At 9:55 Desmond Morgan made his leaping interception and thirty-yard run to the UC 12. Fitz scored from there on a very nice run, and it was tied at 21 up. Brendan Gibbons secured the final lead with a 21-yard FG. Final M-24, UC-21. M’s defense was outstanding in the 4th quarter and U Conn QB Whitmer was often not left standing in that quarter.
The bright spot in this game was the play of the defense. Many of the younger players played at crunch time, and acquitted themselves generally well. Chris Wormley contributed.
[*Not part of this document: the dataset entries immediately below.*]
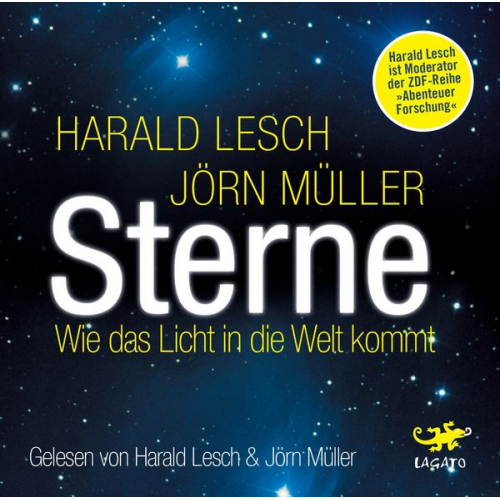 Harald Lesch Jörn Müller - Sterne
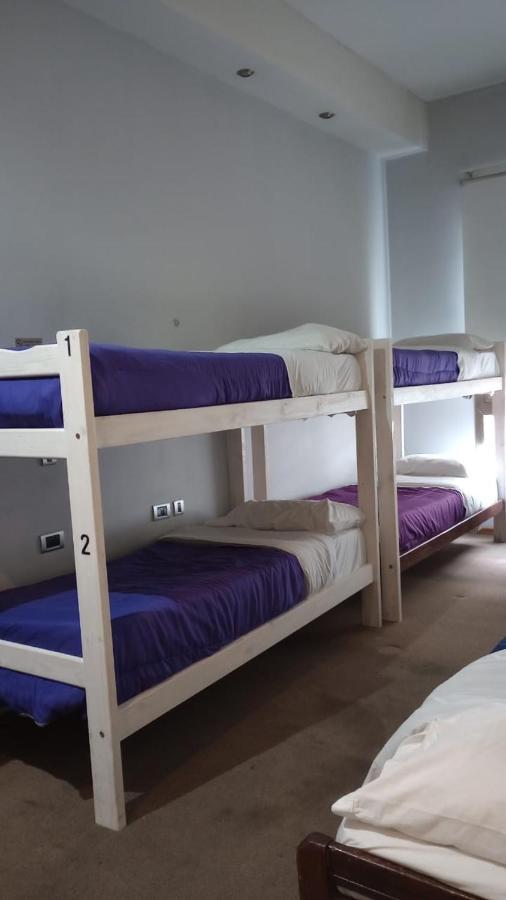 Hostel Che Ba บัวโนสไอเรส ภายนอก รูปภาพ
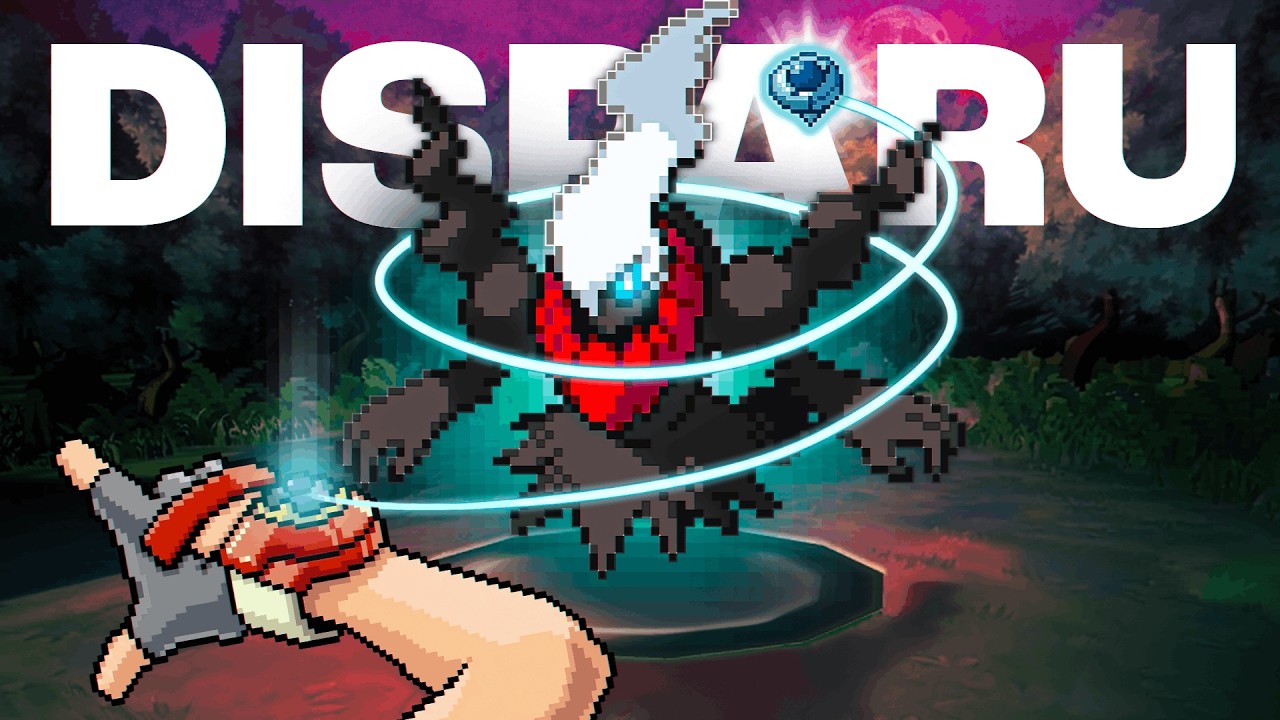 Le jeu incroyable que POKEMON veut que tu OUBLIES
The future effectiveness of the offense remains a question with Big Ten play coming up. Against good teams, and UConn was not one, offensive mistakes could bury the Wolverines championship hopes. It is not all Devin Gardner, although his errors are a consistent concern. The consistency of the offensive line is another. Outside of Devin, the running game is not robust, even with Fitz running for 120-yards against inferior football competition. UConn had not had a sack this season and got three against the Wolverines. The past two Saturdays have proved more of a challenge to the Wolverines than expected.
If there ever is a time to give others a look on the OL, and tweak it, now is the time with a bye coming up.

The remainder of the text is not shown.